Wear levels are the same encrypted as non encrypted, the only additional wear is a one time pass on the drive to do initial encryption. Truecrypt encrypts the free space in partitions so even empty drives go through an initial full drive write, no big deal.
Additional comments:
1) RAID 0 is built for speed only and not redundancy, in fact it has a greater chance of failure because fragging one drive breaks the entire array, make sure to take precautions for redundancy, RAID 0+1 is a good option for speed but reuqires 2x more drives.
2) Performance - With any full disk encryption the speed at which you can read/write may be limited by the CPU doing the encryption/decryption, truecrypt comes with a benchmark tool that allows you to see the max read/write speeds based on your hardware and encryption type.
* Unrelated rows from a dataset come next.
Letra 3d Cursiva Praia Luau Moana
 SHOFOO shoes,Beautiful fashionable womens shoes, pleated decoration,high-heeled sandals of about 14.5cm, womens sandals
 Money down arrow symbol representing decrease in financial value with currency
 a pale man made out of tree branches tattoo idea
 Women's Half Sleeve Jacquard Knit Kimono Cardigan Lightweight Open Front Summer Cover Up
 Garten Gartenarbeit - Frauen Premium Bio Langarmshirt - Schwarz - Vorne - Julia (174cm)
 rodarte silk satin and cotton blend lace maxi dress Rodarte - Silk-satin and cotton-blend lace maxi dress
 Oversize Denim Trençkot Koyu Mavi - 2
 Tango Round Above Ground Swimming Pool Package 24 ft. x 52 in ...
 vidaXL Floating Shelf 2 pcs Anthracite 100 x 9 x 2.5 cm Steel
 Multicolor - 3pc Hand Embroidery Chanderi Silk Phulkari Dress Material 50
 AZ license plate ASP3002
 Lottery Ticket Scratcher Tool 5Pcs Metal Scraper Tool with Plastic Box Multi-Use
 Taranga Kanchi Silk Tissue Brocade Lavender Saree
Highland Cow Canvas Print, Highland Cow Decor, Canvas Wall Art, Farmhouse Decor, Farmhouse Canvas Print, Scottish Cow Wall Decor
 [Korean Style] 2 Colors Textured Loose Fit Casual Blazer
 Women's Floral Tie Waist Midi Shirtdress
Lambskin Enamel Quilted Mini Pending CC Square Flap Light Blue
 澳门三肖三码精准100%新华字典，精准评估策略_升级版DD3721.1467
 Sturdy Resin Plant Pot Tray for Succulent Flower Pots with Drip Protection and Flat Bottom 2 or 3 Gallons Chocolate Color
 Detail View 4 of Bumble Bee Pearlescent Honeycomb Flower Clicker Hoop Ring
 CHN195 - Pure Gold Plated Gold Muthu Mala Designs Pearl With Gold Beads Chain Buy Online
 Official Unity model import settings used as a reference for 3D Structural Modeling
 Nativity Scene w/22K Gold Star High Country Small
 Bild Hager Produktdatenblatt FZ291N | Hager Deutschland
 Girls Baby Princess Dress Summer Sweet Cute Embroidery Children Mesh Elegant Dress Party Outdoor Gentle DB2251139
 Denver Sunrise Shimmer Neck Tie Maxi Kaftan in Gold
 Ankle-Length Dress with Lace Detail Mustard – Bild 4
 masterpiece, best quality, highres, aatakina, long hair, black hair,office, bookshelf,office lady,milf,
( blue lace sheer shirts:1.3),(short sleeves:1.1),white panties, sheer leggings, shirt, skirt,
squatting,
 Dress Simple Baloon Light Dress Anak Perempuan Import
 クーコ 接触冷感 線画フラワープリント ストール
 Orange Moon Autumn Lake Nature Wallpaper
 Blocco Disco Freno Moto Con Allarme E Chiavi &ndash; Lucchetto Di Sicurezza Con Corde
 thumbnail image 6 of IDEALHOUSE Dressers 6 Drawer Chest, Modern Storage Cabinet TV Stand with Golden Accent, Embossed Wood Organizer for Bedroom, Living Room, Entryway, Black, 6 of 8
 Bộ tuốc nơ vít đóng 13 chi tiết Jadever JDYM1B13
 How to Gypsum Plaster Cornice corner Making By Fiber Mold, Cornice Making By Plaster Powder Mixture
Normally with a decent CPU (high end Intel) and slowish drives (single spindle) and fast encryption (AES) it's not a problem. However you plan on running RAID 0 for speed on faster SSD's, you have a potentially HUGE data transfer per second so it's worth benchmarking the max throughput of the drives non-encrypted and then benchmarking your CPU with Truecrypt and comparing the data rates.
Even if the CPU isn't a bottleneck for reading/writing data it's likely the CPU would be under significant load during read/writes and that could be problematic if the box has other roles that require CPU time.
It's also worth noting the newer Intel CPUs have hardware based AES acceleration which truecrypt supports which MASSIVELY boosts the speed at which the CPU can encrypt/decrypt the data (from 100's of MB/sec to several GB/sec), this would be a good route to go to keep performance of the array nice and fast if you're struggling.